One of London's most beautiful gardens is being illuminated with hundreds of Chinese lanterns to welcome the Lunar New Year. The Magical Lantern Festival features an Imperial Palace, a Terracotta Army and a 66-metre-long dragon in the gardens of Chiswick House.

The lanterns have been brought over from China and installed in the neo-classical gardens of the Palladian villa, built in 1729. Giant glowing waterlilies float on the lake, while the story of the Monkey King is depicted in a wooded area. In a nod to Chiswick House being a former home to wild and exotic animals, there are giraffe, kangaroo and antelope lanterns alongside more familiar British creatures like squirrels and swans.

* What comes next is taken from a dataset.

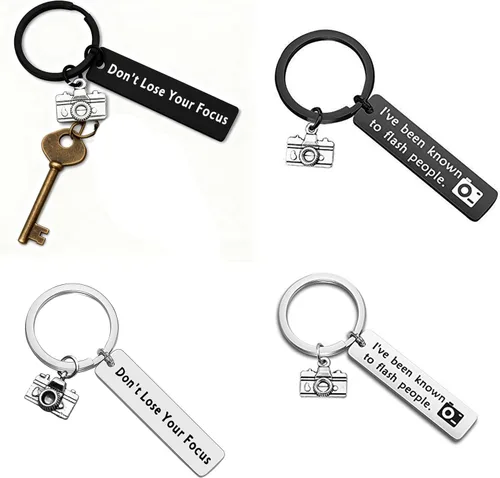 Vista 2 de Stainless Steel Camera Keychain Vintage Design Sturdy Metal Rings For Photography Enthusiasts And Fashion Accessorie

Lord Oxmantown, one of the organisers of the festival, told Reuters there's been a long cultural history between China and the stately homes in England. "In the great houses in England and in Europe you will find masses of Chinoiserie, you will find masses of Chinese artefacts or wonderful furniture, so to have wonderful Chinese lanterns in English landscapes, I think, is a perfect harmonisation and continuity of what you already see in the great houses from the 18th century, the 19th century."

Chinese New Year is on Monday 8 February 2016. London's official Chinese New Year celebrations take place on Sunday 14 February in Trafalgar Square and are expected to draw tens of thousands of people. The Magical Lantern Festival at Chiswick House will run until 6 March.